Blumenthal then went on to tell Reid, “We will use every tool to block this nomination as long as is necessary if we conclude he is out of the mainstream.” This is absolutely the wrong way to wage this battle. The question isn’t whether Gorsuch is “out of the mainstream.” The reality is that Trump IS “out of the mainstream.” And the president has given Democrats — and the American people — all the evidence they need to make the case.
Trump’s attacks on the judiciary as a candidate and as president were unprecedented. We’re not talking about calling out the Supreme Court like Obama did over its Citizens United decision during his 2010 State of the Union address. Folks in Washington were aghast over that rebuke. A decidedly mild rejoinder compared to what his successor has done.

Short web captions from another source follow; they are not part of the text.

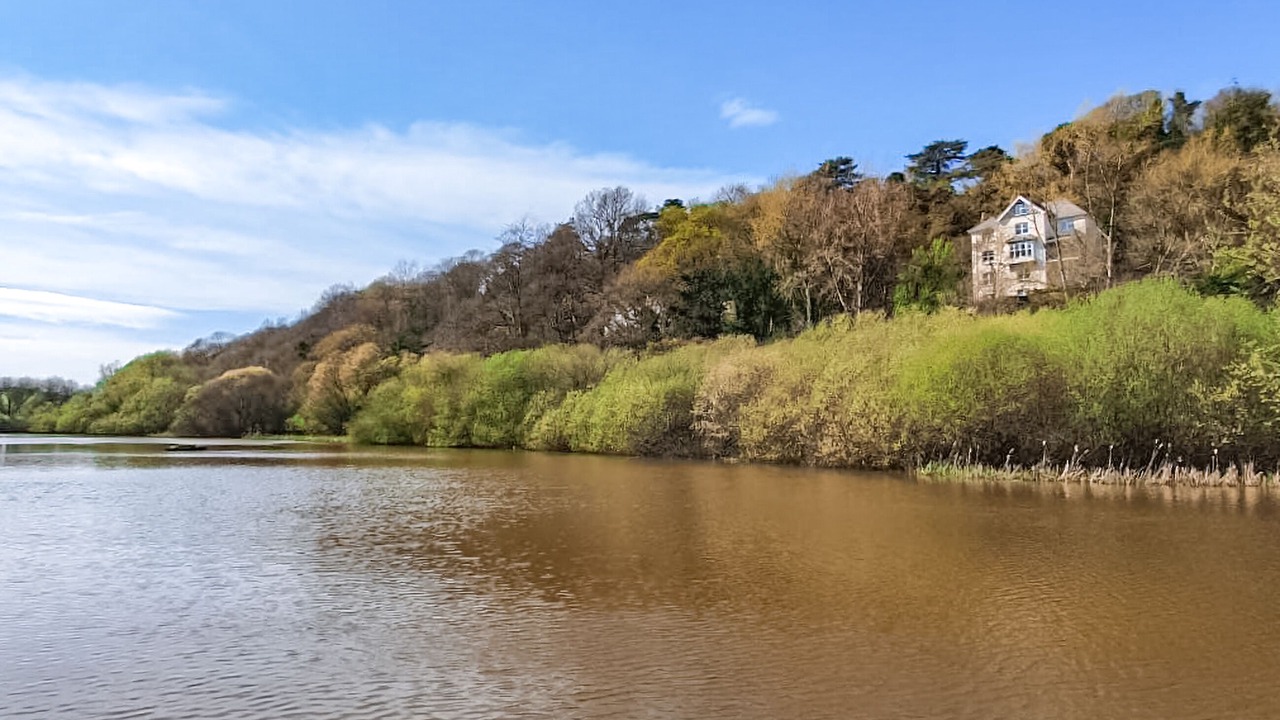 Photo of Others in Westleigh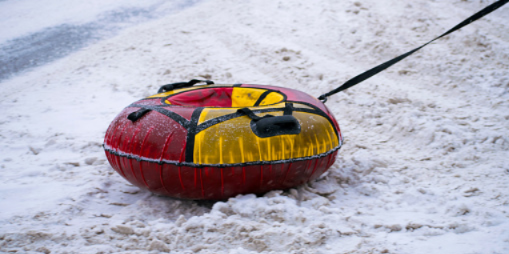 Великолучанин задержан за кражу тюбинга - 2021-03-03 17:06:00 - 1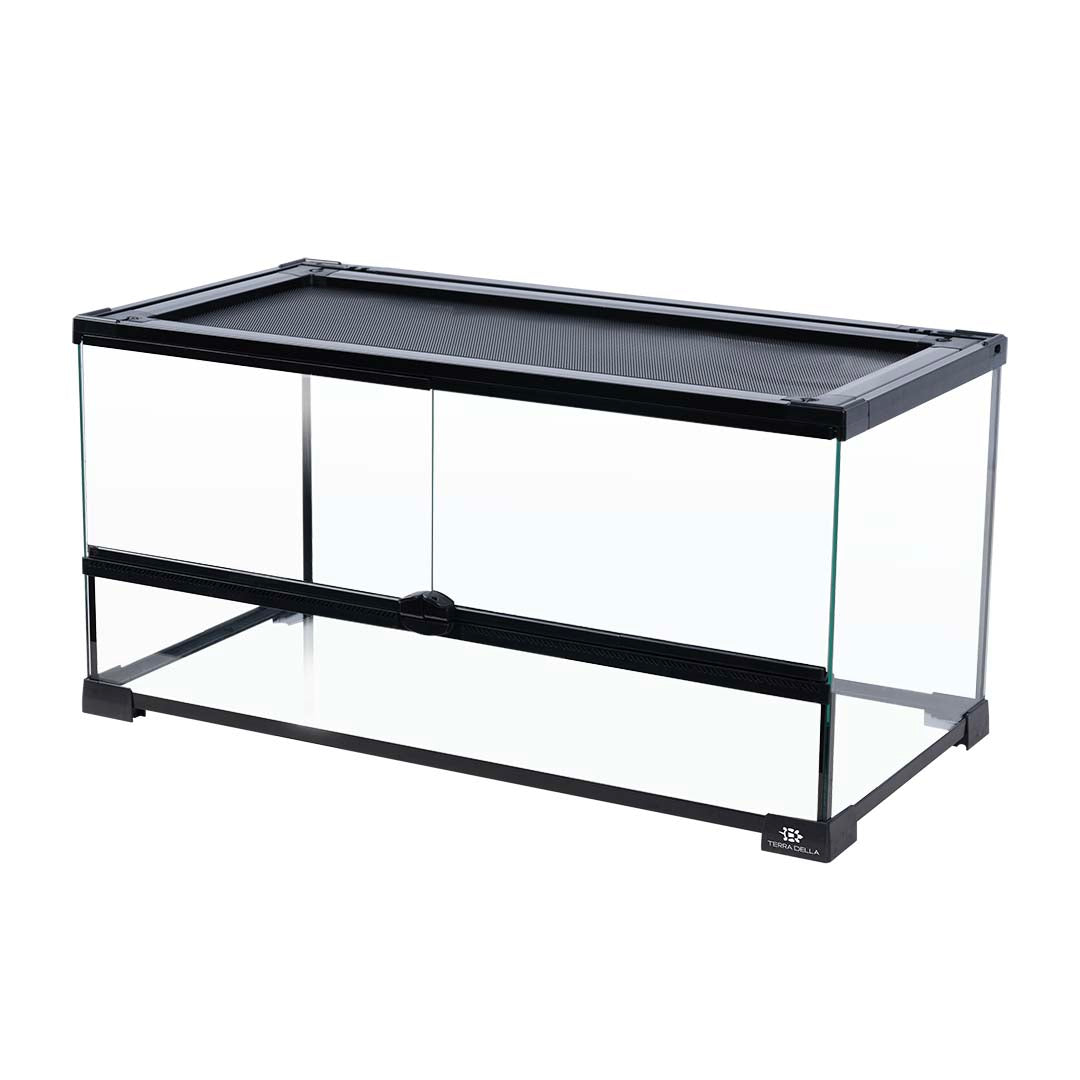 Terra Della Terrarium Glas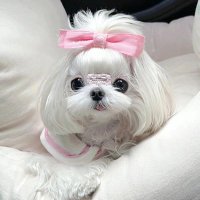 이안나 (@shephcswest) Twitter profile photo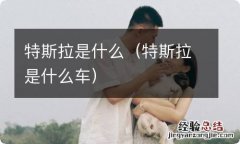 特斯拉是什么车 特斯拉是什么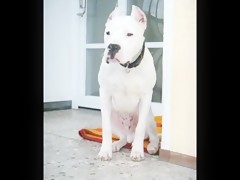 Gozando la verga del semental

Trump used his campaign of racism and xenophobia to attack the independence and integrity of a federal judge overseeing a lawsuit against him that concerned Trump University. “The judge, who happens to be, we believe, Mexican, which is great,” Trump said last May. When it was revealed that Curiel is American and was born and raised in Indiana, Trump continued his attack but switched to “of Mexican heritage.”
This jaundiced view of the judiciary extended to Muslim American judges. “It’s possible, yes. Yeah. That would be possible, absolutely,” Trump told CBS News’s John Dickerson, who asked whether the then-presumptive Republican presidential nominee thought a Muslim American jurist would be biased against him because of his proposed Muslim ban. That was last June. Now, let’s fast forward to Feb. 4
James Robart, a federal judge in Seattle, temporarily halted Friday night Trump’s chaotic executive order that banned immigration from seven majority-Muslim countries. The president’s response was issued by a series of tweets. The most egregious slammed Robart as a “so-called judge.”
Trump’s attacks on judges are out of the mainstream. Firing Sally Yates, the acting attorney general who ordered Justice Department lawyers not to defend it because she was not “convinced that the Executive Order is lawful,” is out of the mainstream. So is the way he fired her.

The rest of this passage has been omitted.